Una nuova sfida in un’area incontaminata delle Alte Grave del Friuli, le mitiche Terre di Plovia (dal nome di un’antica dinastia feudale del Friuli) recuperate attraverso un lavoro di ricerca e valorizzazione del territorio.
I vigneti delle Terre di Plovia, posti su una splendida balconata, osservano dall’alto lo scorrere lento del fiume Tagliamento, oltre il quale s’intravvede il profilo della collina sulla quale sorge San Daniele del Friuli, famosa nel mondo per il prosciutto, le troticolture, ma anche per il convento dei monaci dove sostavano i pellegrini che percorrevano il cammino che dal Nord Europa li portava ad Aquileia e poi in Terrasanta.

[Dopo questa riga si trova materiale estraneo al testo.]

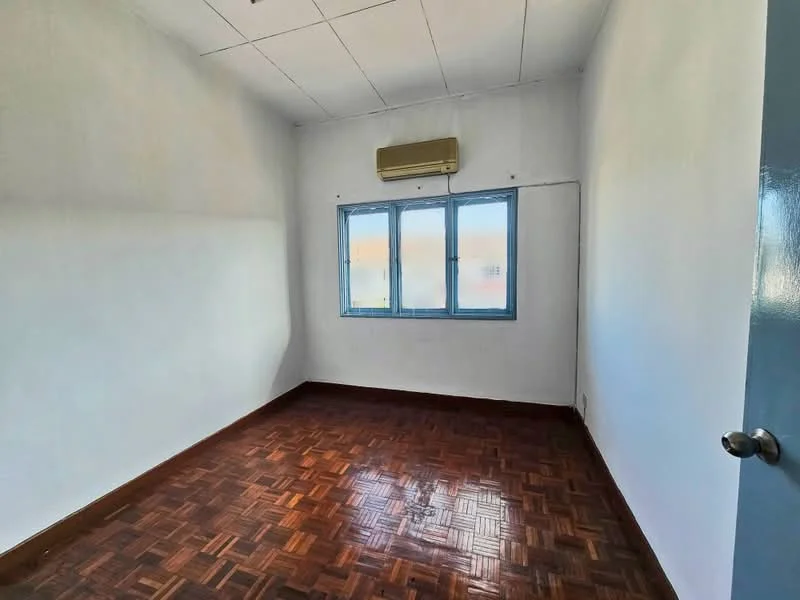 Room features: white painted walls, parquet wood flooring, 1 wall-mounted split AC, 2 windows with blue frames, ceiling tiles, no visible furniture or decor.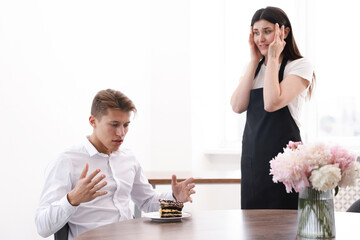 Young man complaining to waiter about cake at table in restaurant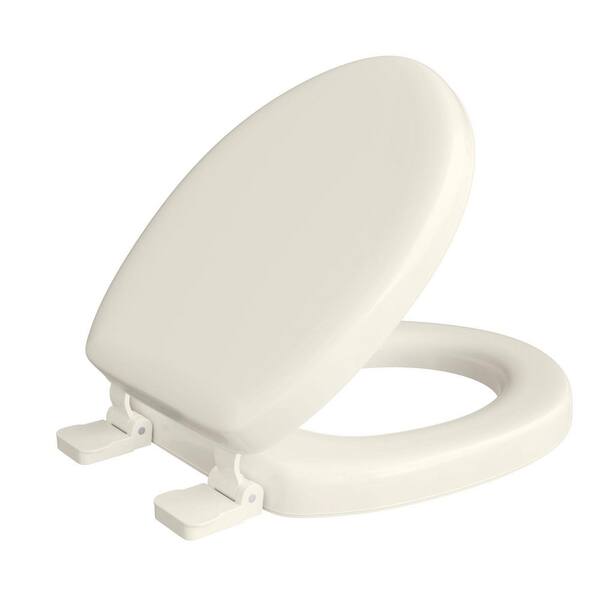 JONES STEPHENS Deluxe Soft Seat with Wood Cores Round Toilet Seat with Cover and Adjustable QuicKlean Hinge in Bone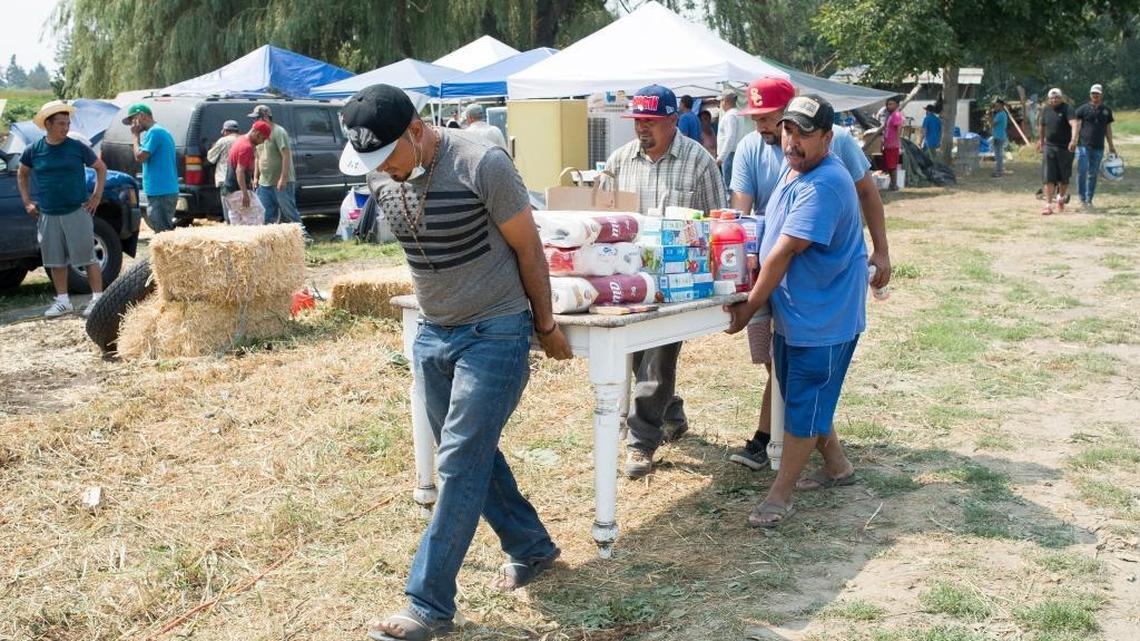 Farmworkers move a table and some supplies from an old kitchen area to a new kitchen area at their camp on Friday, Aug. 11, near Sumas.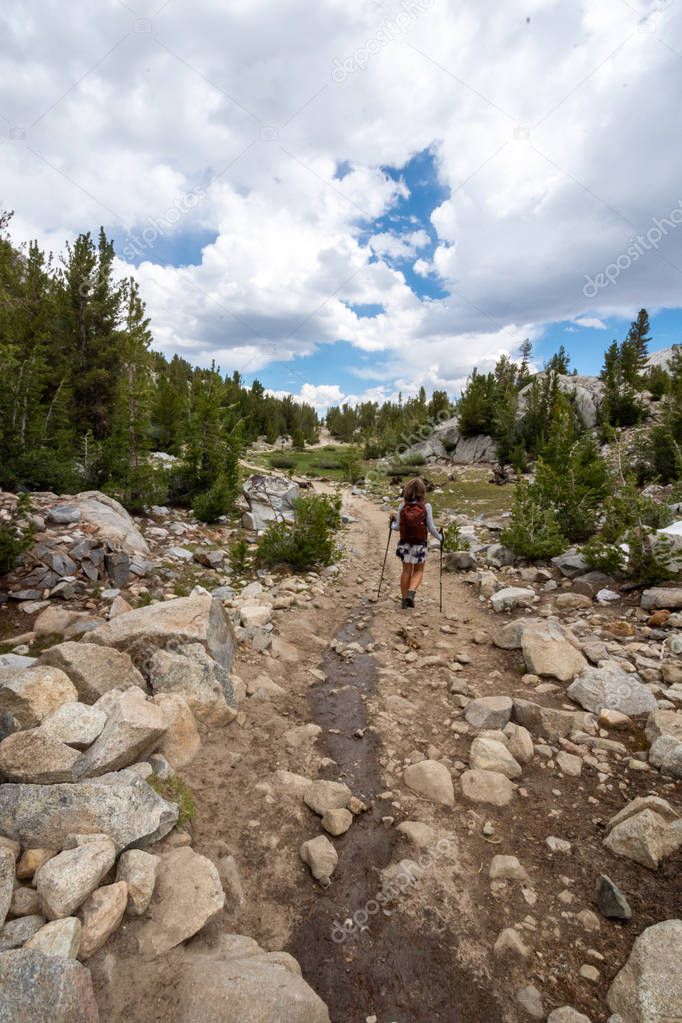 Female hiker concentrates while hiking on a dowhill slope in the Eastern Sierra Nevada mountains in the Little Lakes Valley trail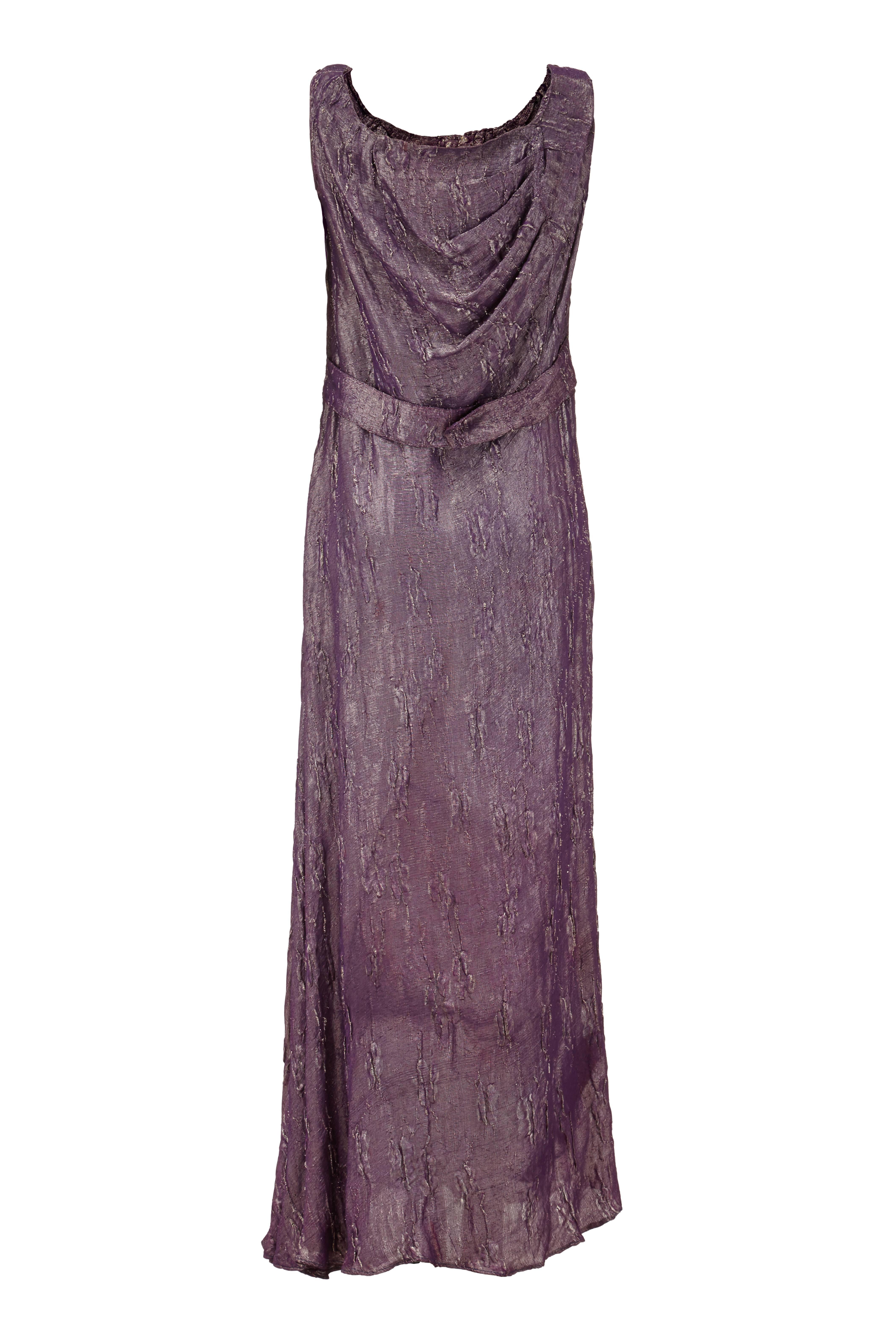 Amazing textured purple full-length vintage 1930s dress with gold lame threads throughout making this piece very striking and perfect for the party season. It has a scoop neckline and pretty draping and a half belt at the back. In very good vintage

Sentiero che passava ai margini dei vigneti e che, sempre all’interno delle Terre di Plovia, scendeva poi nella vallata del Tagliamento. Motivi tutti che hanno ispirato Albino Armani a denominare i primi due vini: «Flum» (fiume) per il vino bianco e «Piligrin» (pellegrino) per il vino rosso.
Albino Armani, la timidezza, le parole sottovoce, il rispetto delle persone
“Le Grave del Friuli – confessa Albino Armani – mi hanno da sempre attratto. In particolare la parte alta delle Grave con gli spazi infiniti tra la pianura e la montagna carnica, il clima aspro e ventoso, le sue genti riservate.
Se potessero parlare, le antiche vigne userebbero le parole di Novella Cantarutti, la mia poetessa friulana preferita. Un linguaggio che ho imparato da bambino: le parole sottovoce, la timidezza, il rispetto delle persone.
Dalla montagna trentina, dove sono nato, alla Carnia il passo è breve: da trent’anni pianto vigne tra Sequals, Lestans ed ora a Valeriano: ho scelto quei luoghi per amore. Vi sono terre, tutte le mie terre, che stanno al bordo delle cose: ancora prive di clamore, integre, sincere, adolescenti.”
“Valeriano e Pinzano al Tagliamento mi hanno accolto con un sorriso”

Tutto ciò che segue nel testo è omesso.